1. The problem statement, all variables and given/known data
if $z=\frac{1}{x^2+y^2-1}$ . Show that $x \frac{\partial z}{\partial x} + y \frac{\partial z}{\partial y} = -2z(1+z)$

2. Relevant equations
n/a

3. The attempt at a solution
I am extremely new to partial differentiation, I can get my head around questions where they just give you the function and ask for the partial wrt to any of the variables but have not come accross a problem like this and am a little unsure of the notation, does $x \frac{\partial z}{\partial x}$ litterally mean x multipled with the partial wrt x ?

First what I did was to find the partial derivatives the question asks for so done them below.
$$\frac{\partial z}{\partial x} = \frac{-2}{x^3+y^2-1} \\ \frac{\partial z}{\partial y} = \frac{-2}{x^2+y^3-1} \\$$

So if it just means x multiplied by.... then wouldn't it just become...
$$x \frac{\partial z}{\partial x} = \frac{-2x}{x^3+y^2-1} \\ y \frac{\partial z}{\partial y} = \frac{-2y}{x^2+y^3-1} \\$$

Or do I need to solve for x and y and substitute that into the above for x and y?

Last edited: Nov 16, 2014
2. Nov 16, 2014

### CAF123

Yes, the notation $x \frac{\partial z}{\partial x}$ means multiply the partial derivative by $x$. So you have the right idea but you haven't computed $\partial z/\partial x$ or $\partial z/\partial y$ correctly.

3. Nov 16, 2014

### Staff: Mentor

Yes, that's all it means.
Both of the above are wrong. It's easier to use the chain rule with z written as (x2 + y2 - 1)-1.

4. Nov 16, 2014

### Zondrina

Your derivatives look wrong though. Lets find $\frac{\partial z}{\partial x} = z_x$ first.
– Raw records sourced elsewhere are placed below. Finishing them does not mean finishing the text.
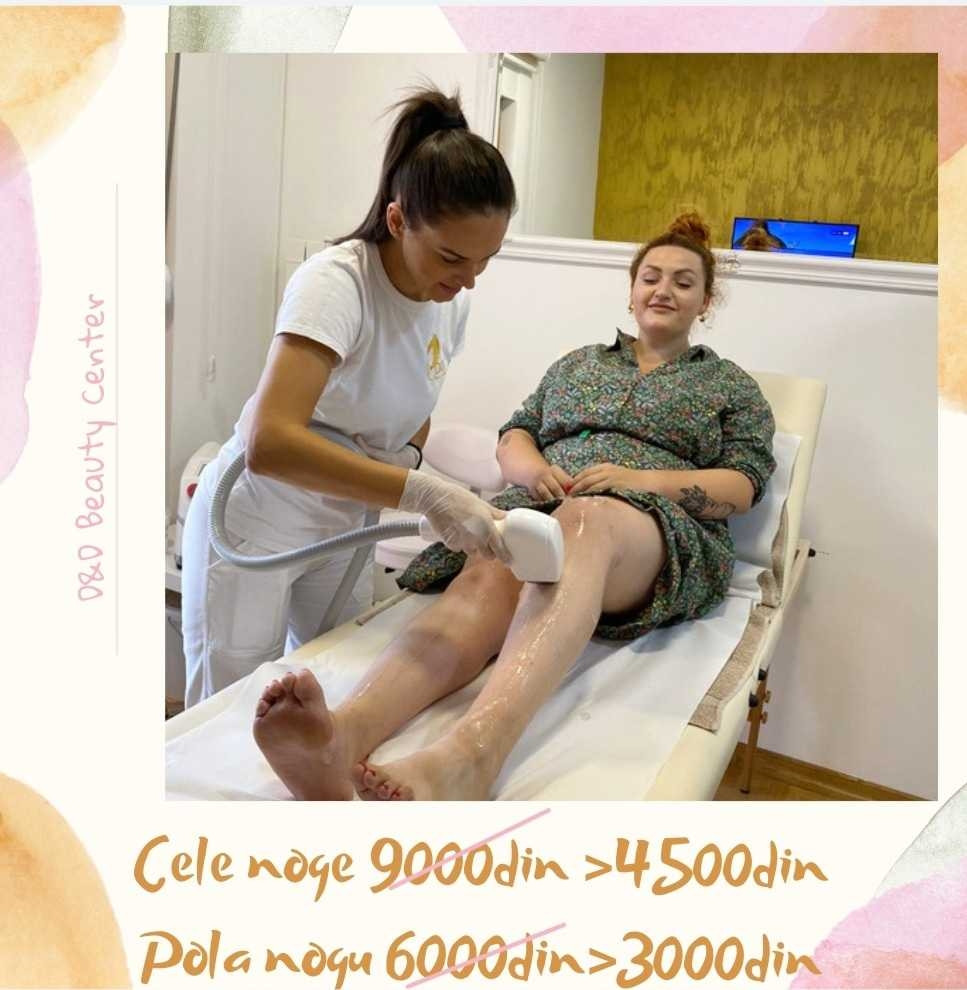 D&D Beauty Center #beograd Laserska epilacija Laserska epilacija celih nogu - za dame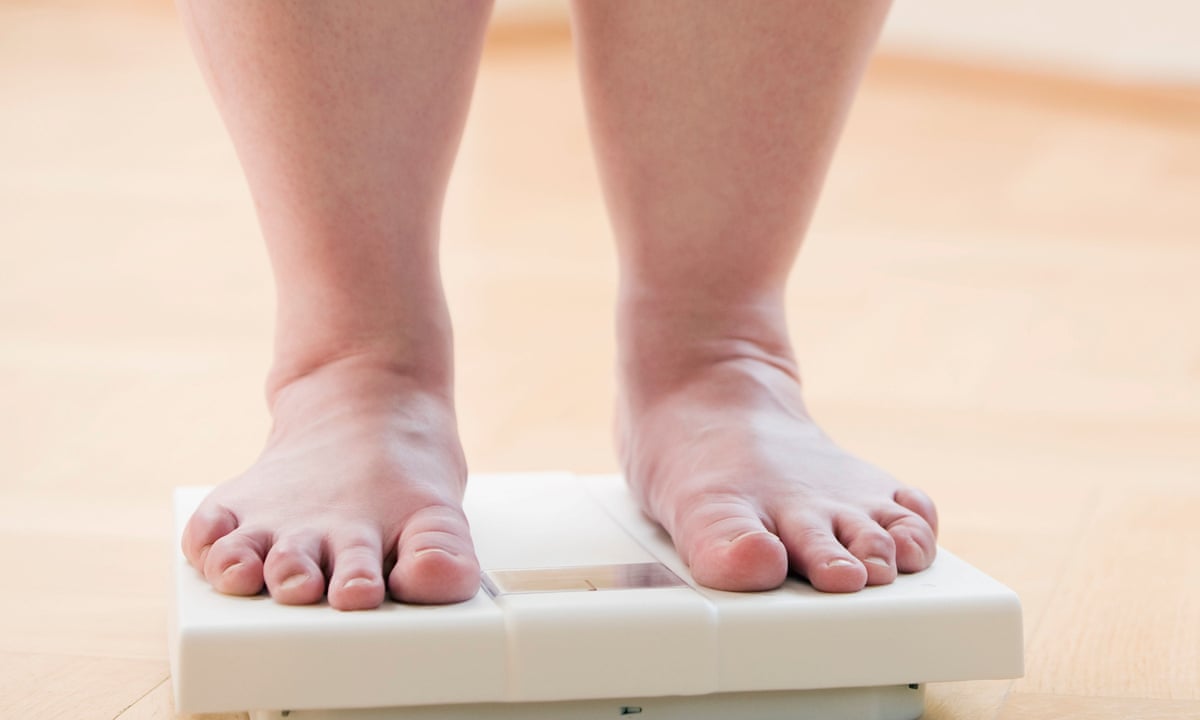 Global cost of obesity-related illness to hit $1.2tn a year from 2025 | Obesity | The Guardian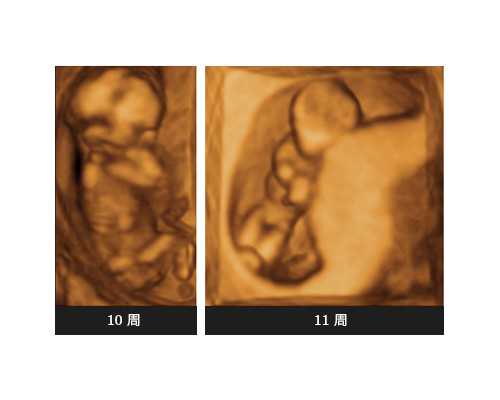 哪些因素在影响苏州人的生育意愿？,苏州试管婴儿成功率受哪些因素影响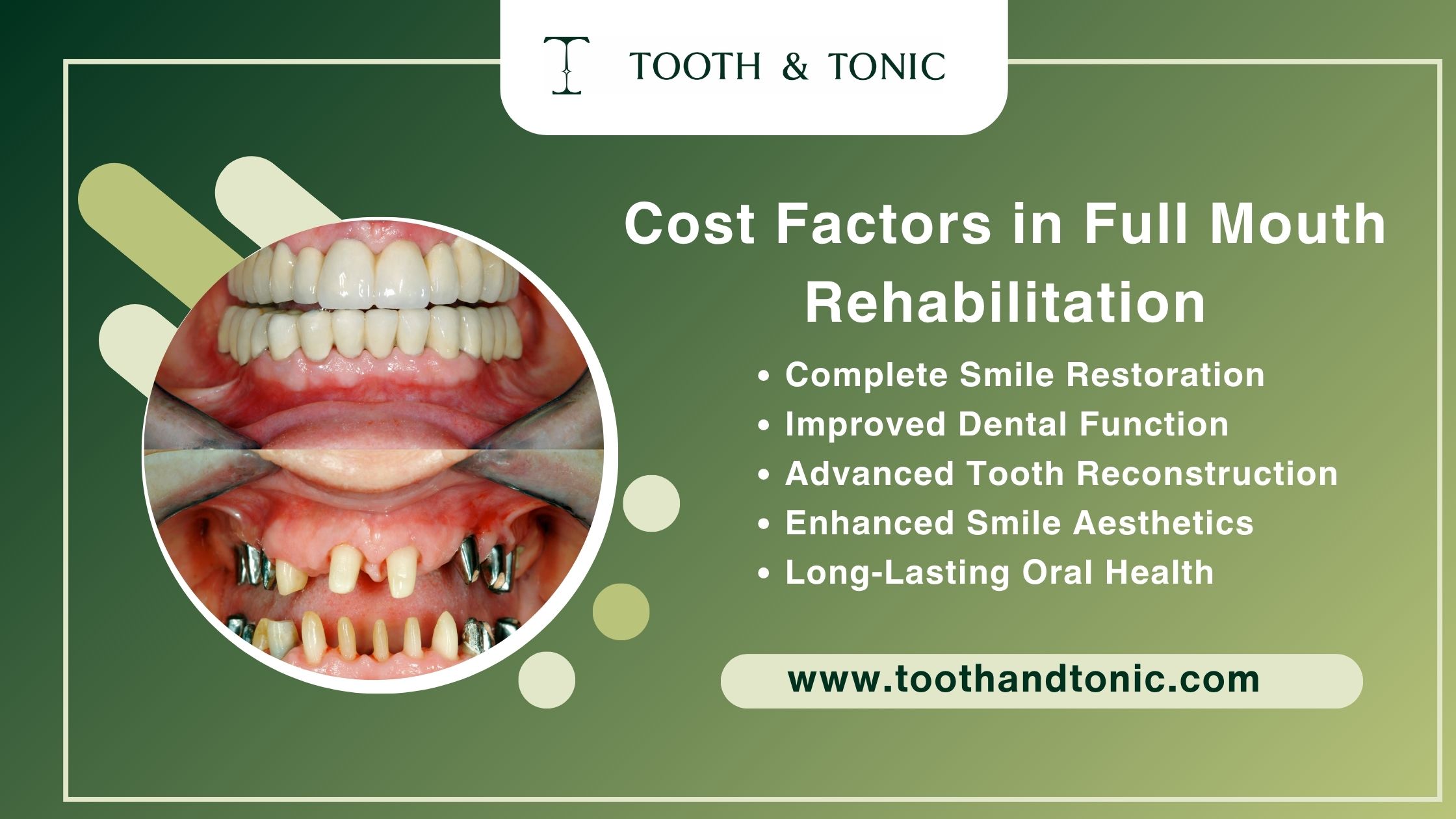 Dentist discussing full mouth rehabilitation treatment plan with patient.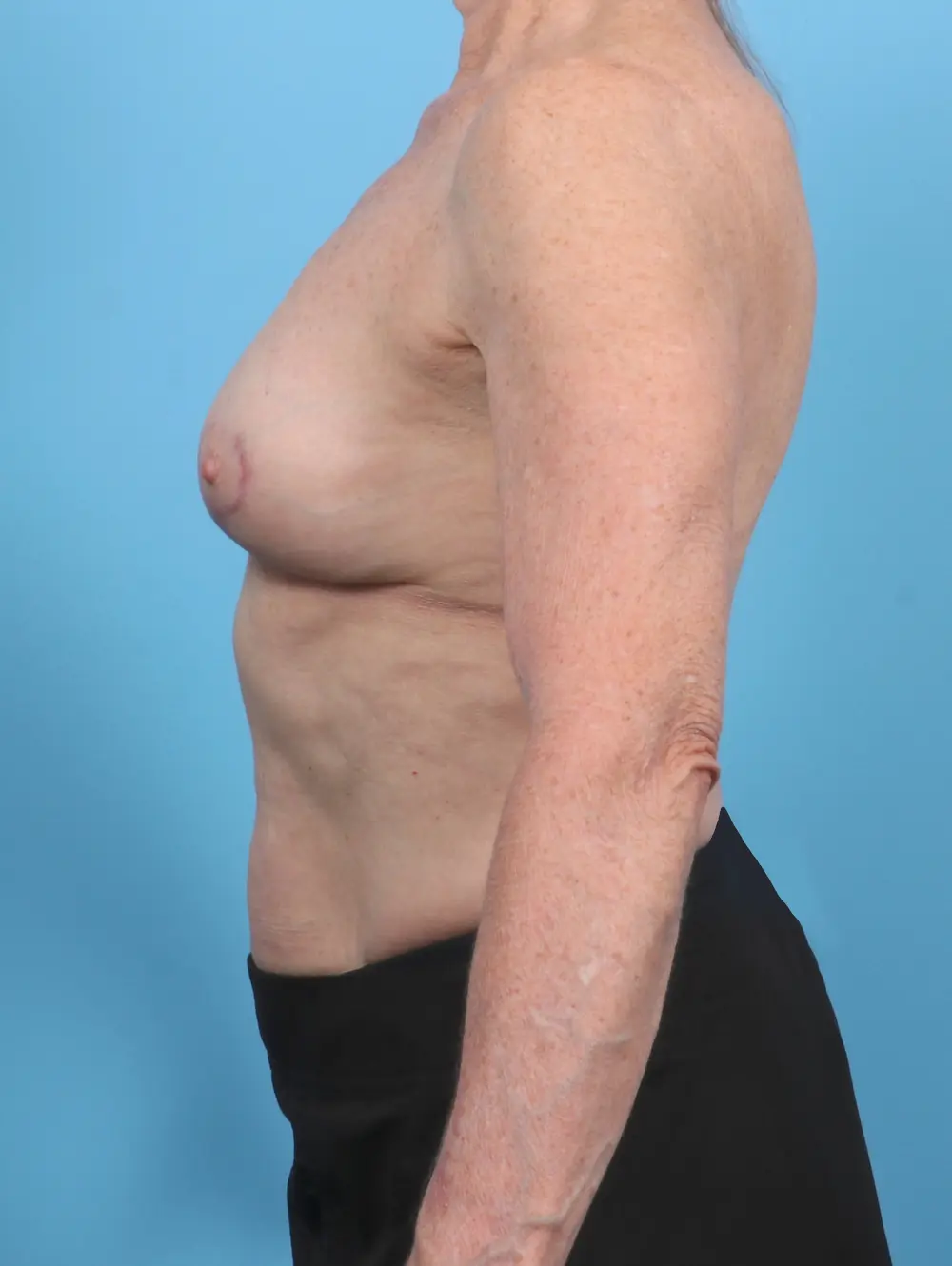 Breast Implant Removal Patient Photo - Case 48249 - after view-2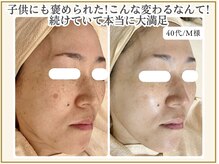 ポモナ 横浜馬車道店(Pomona)/シミケア・シミ改善美肌ケア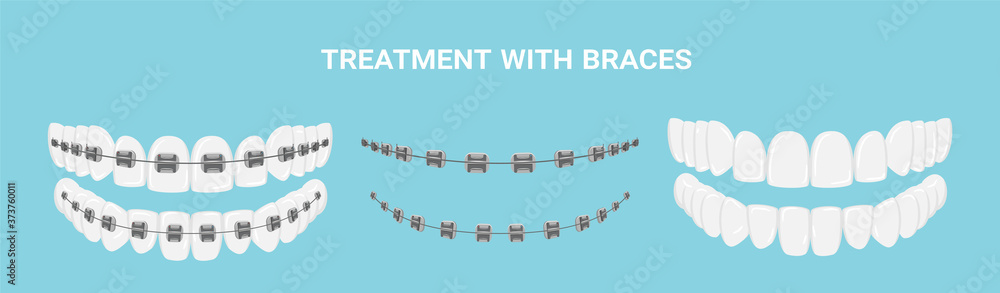 Teeth with or without braces. Arch braces without teeth. Orthodontic ...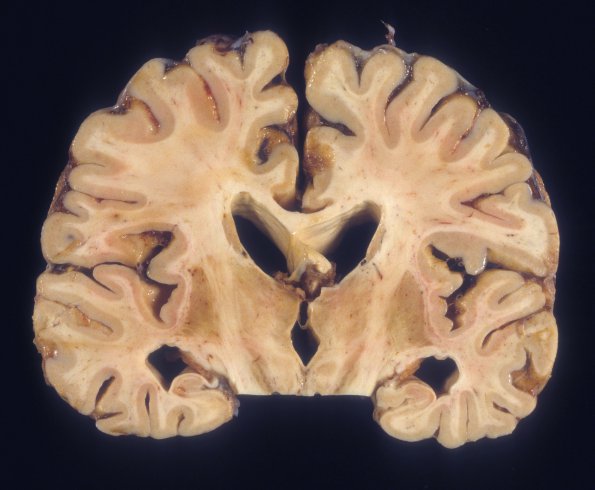 8A3 HIVE, HIVL, CMV Encephalitis (Case 8) 2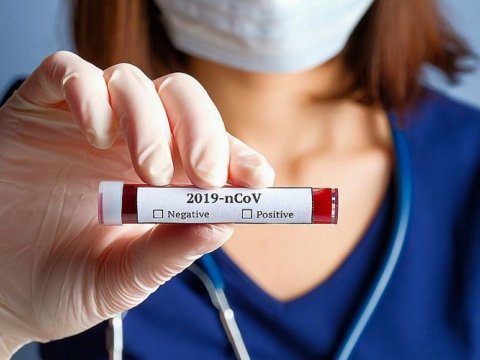 Yoluxan azaldı, sağalan çoxaldı, ölən olmadı  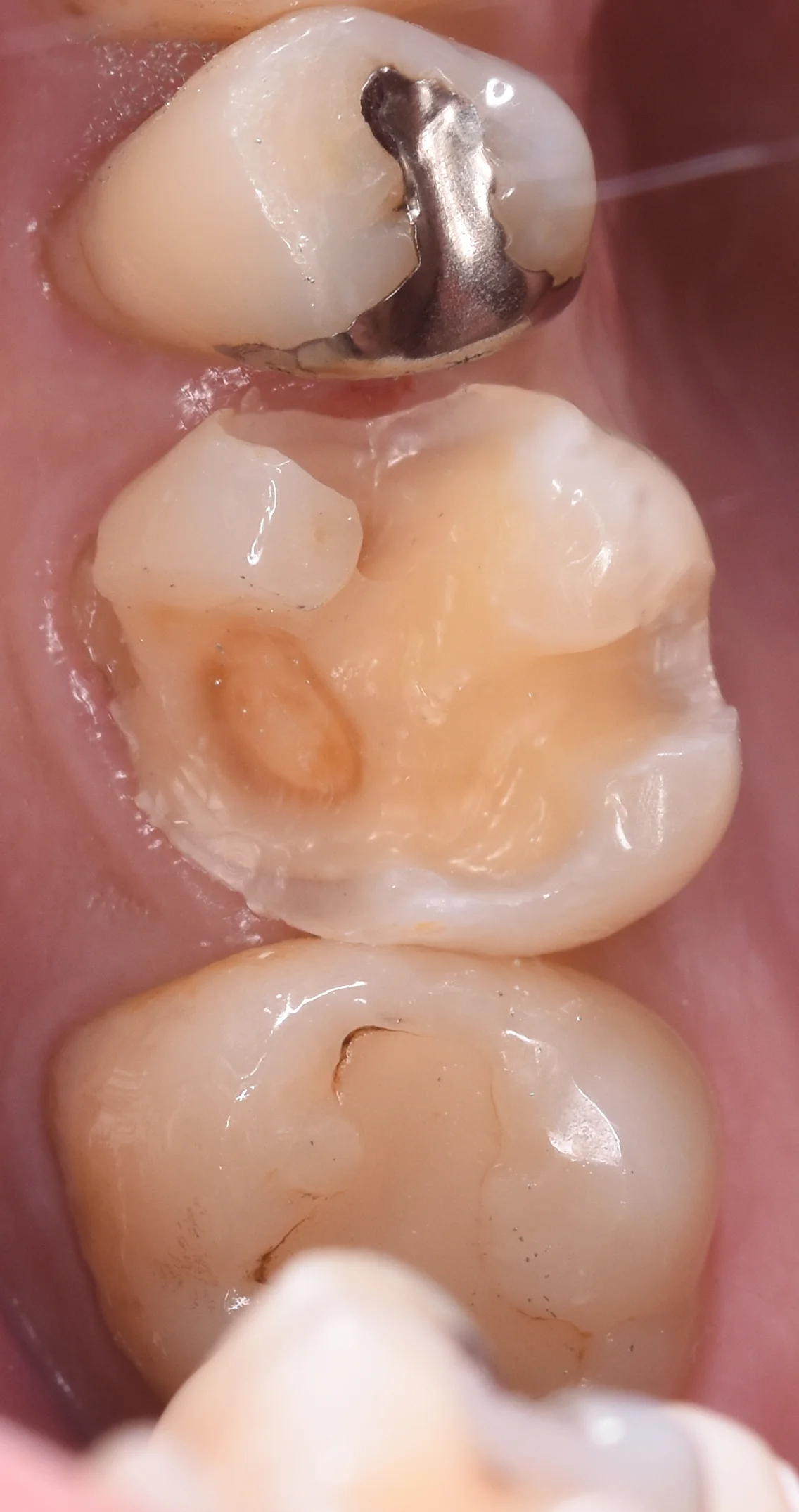 金属を白い詰め物に。|坂寄歯科医院(取手市藤代) - 画像2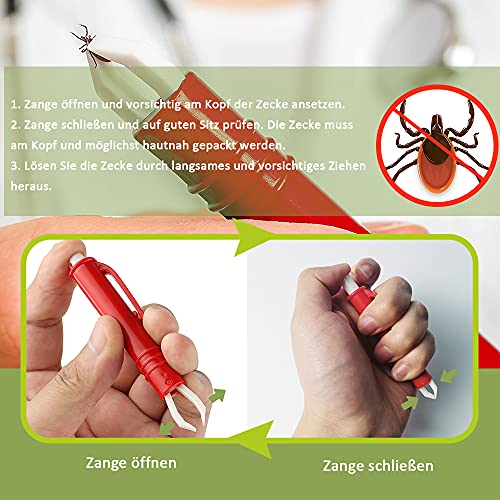 Nepfaivy Zeckenzange für Hunde Katze Kinder - 3er Set Zeckenhaken und 2er Set Zeckenpinzetten, Einfacher und Sicherer Zeckenentferner für Haustier und Menschen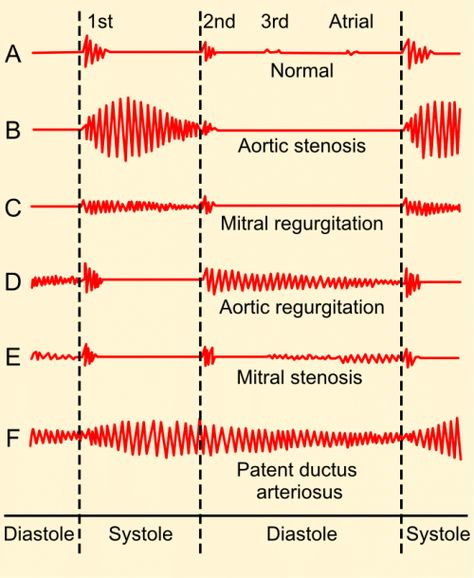 Aortic Regurgitation, Mitral Stenosis, Heart Murmurs, Bicuspid Aortic Valve, Atrial Septal Defect, Aortic Valve Replacement, Cardiac Cycle, Tricuspid Valve, Heart Sounds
I suggest you re-write $z$ like so:

$$z = (x^2 + y^2 - 1)^{-1}$$

Now what is $z_x$? Don't forget the chain rule!

5. Nov 16, 2014

Ah right ok thanks, will try again and post in a minute or so

6. Nov 16, 2014

Ok so using the chain rule for $\frac{\partial z}{\partial x}$

if $h=x^2+y^2-1$ and $m=h^{-1}$

Then
$$h' \cdot m' = 2x \cdot -h^{-2} = -2x(x^2+y^2-1)^{-2}$$

And for $\frac{\partial z}{\partial y}$
$$-2y(x^2+y^2-1)^{-2}$$

EDIT: Oh and is $z_x$ a short hand notation for $\frac{\partial z}{\partial x}$ then? As it does get a bit annoying writing them out all the time.

7. Nov 16, 2014

### Zondrina

Yes. Your derivatives look okay now too.